What to Do When Talking to Someone Who Stutters?
Be a present-minded, respectful communicator.
- Speaking is just one part of communication – other parts include active listening, clarity of thought, tone, body language, eye contact, etc. Someone who is not speaking fluently can still communicate very well. Focus on their overall communication; actively listen, like you would with anyone else, on what they’re saying.
- If you miss something, ask for a clarification. No matter how much the person struggled to say it, clarifying is better than pretending you understood.
- Practice common communication etiquette: try not to finish sentences or guess words, unless you know the person very well. Your action could be taken as demeaning and of course, if you guess the wrong word, the difficulties multiply.
- Don’t give advice. Refrain from making remarks like: “slow down,” “take a breath,” or “relax.” The person is typically not stuttering because they are rushing or anxious, so such advice could feel patronizing and is not constructive.
- Maintain normal eye contact – wait patiently and naturally until the person is finished.

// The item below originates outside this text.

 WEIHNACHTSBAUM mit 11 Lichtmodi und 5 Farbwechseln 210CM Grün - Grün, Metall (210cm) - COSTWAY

- Should you ask someone questions about their stuttering? It’s your call. Stuttering should not be, and is not, a taboo subject. If you sincerely have a question about stuttering, the person will probably appreciate your interest. Some people who stutter may be sensitive about their stuttering. However, if you are respectful and at ease – like you are with anyone else – you should be fine.
- People who stutter are completely normal. Stuttering is a set of behaviors that interferes with the production of fluent speech. There are as many different patterns of stuttering as there are people who stutter (1% of the world’s population).